Given that I am still in the process of analyzing data from my dissertation research, I have not yet finished drawing conclusions about maize production in the eastern Central Highlands and its implications for development and biodiversity conservation. At the same time, there are clear themes that have emerged over the course of my fieldwork and which resonate with existing interdisciplinary research. By far the most prominent are the interdependence of innovation and diversity, and their combined importance in agricultural production. Diversity, in terms of maize germplasm, cultivation strategies, and economic systems, is both a resource for and product of innovation in agricultural production, and is a primary source of resilience for small-scale farming households in the Amecameca Valley. A diverse set of perspectives, specialties, and lived experiences is also an obvious source of creativity and innovation among agricultural extension agents and scientific researchers. My research highlights that the strongest and most productive work environments are those that foster these forms of diversification.
What did you discover about gender and agriculture in Mexico?
The most important lessons that I learned about gender and agriculture, after over a year of fieldwork in Mexico’s Central Highlands, are for the most part not new discoveries at all. Decades and decades of extensive research has shown that gender is not merely one social factor among many, one that may or may not be relevant in a given situation. Rather, gender is a dominant social institution that is guaranteed to play a role in shaping agricultural outcomes, even though this process takes many different forms in different places. That Mexico, along with countries around the world, including the United States, currently has such a high degree of gender inequality has devastating consequences for those whose work is ignored or undervalued, and for agricultural production as a whole. Perhaps the new lesson offered by my research is that these very old patterns of inequality still persist today.
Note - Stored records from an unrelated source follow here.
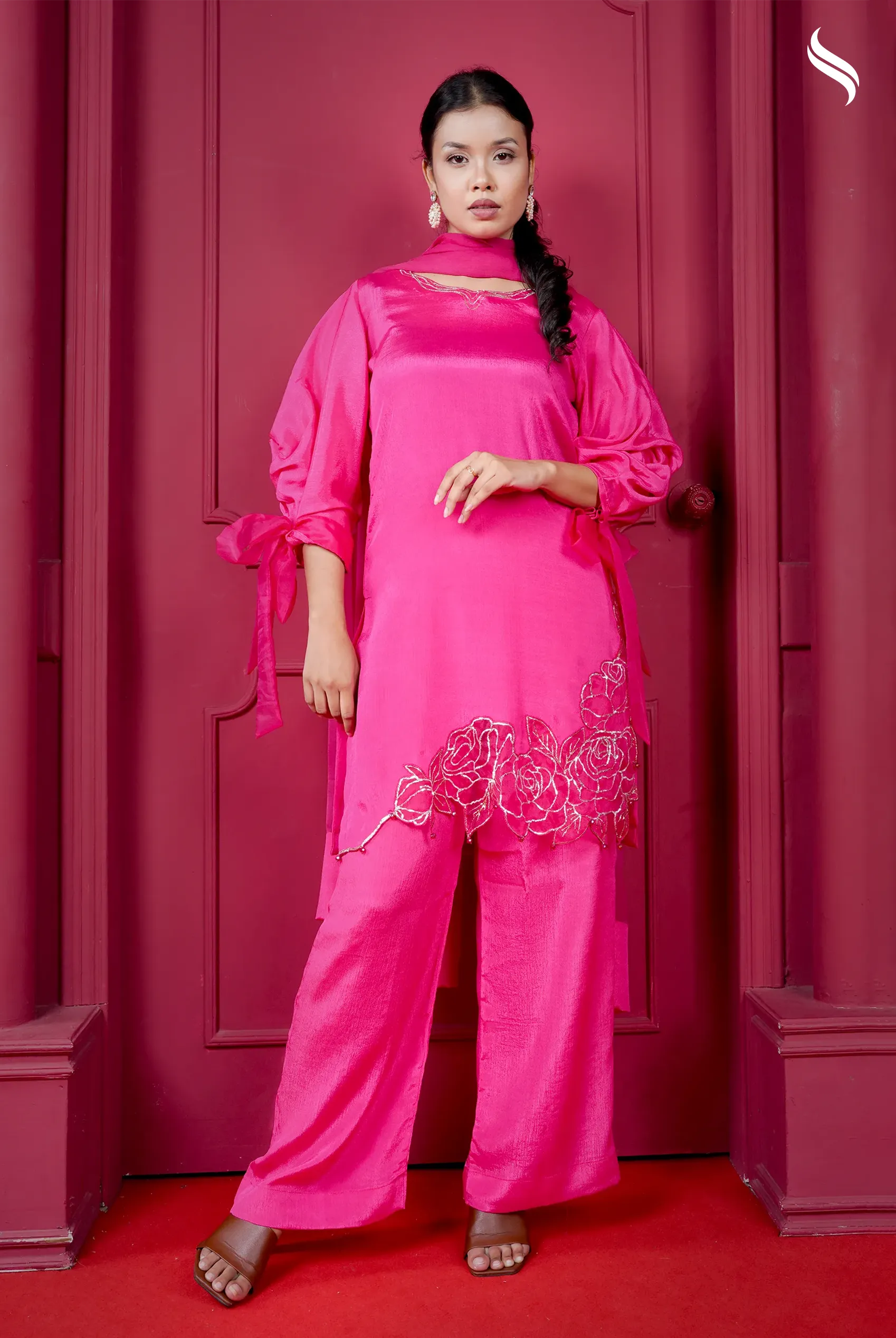 Farsi three piece set with karchupi zardosi work and rose sleeves (Chocolate Fuchsia Pink Color) 01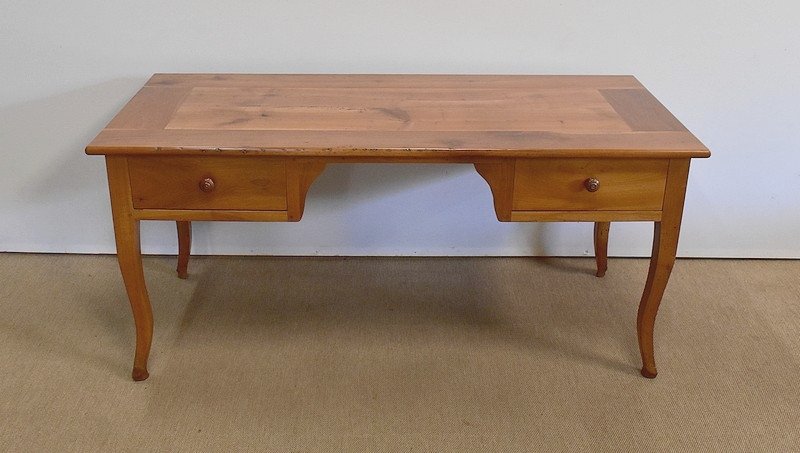 Large Regional Office Table In Solid Cherry, Louis XV Style - Mid-19th Century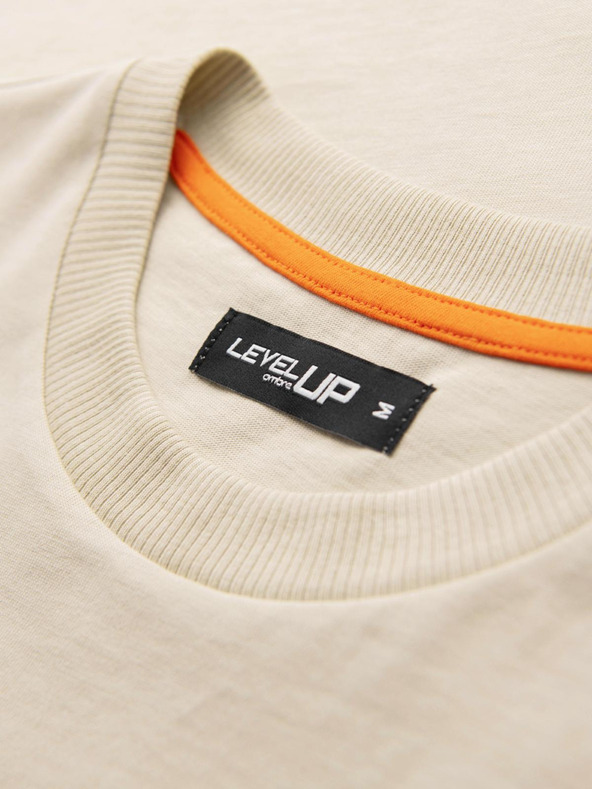 Ombre Clothing Pánske bavlnené tričko TANK TOP bez rukávov - krémová V3 OM-TSTT-0243 Ombre Clothing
What types of changes (policy, research, etc.) do you think would help women and families in Mexico?
There must be public accountability for gender inequality and violence. The different types of gender injustice occurring in Mexico today are not equivalent, but invisible women farmers, gender discrimination in the workplace, and femicide are all products of a society that systematically devalues women’s work and their lives. This is not a problem that is caused by individuals acting alone, nor is it one that can be solved at the individual level; public policy must be held responsible for the fact that gender inequality continues to increase in the face of economic restructuring and global climate change. One important starting point, that is also an important part of any ongoing solution, would be for researchers and policymakers alike to listen carefully to the many women who are already struggling for change.
Finally, I’d like to express my heartfelt thanks to everyone who has worked with me in my research. I am indebted to all the farmers, extension agents, and researchers who graciously allowed me to interview them and to poke my nose into their lives. They do such important, inspiring work, and I look forward to building on these relationships in future research.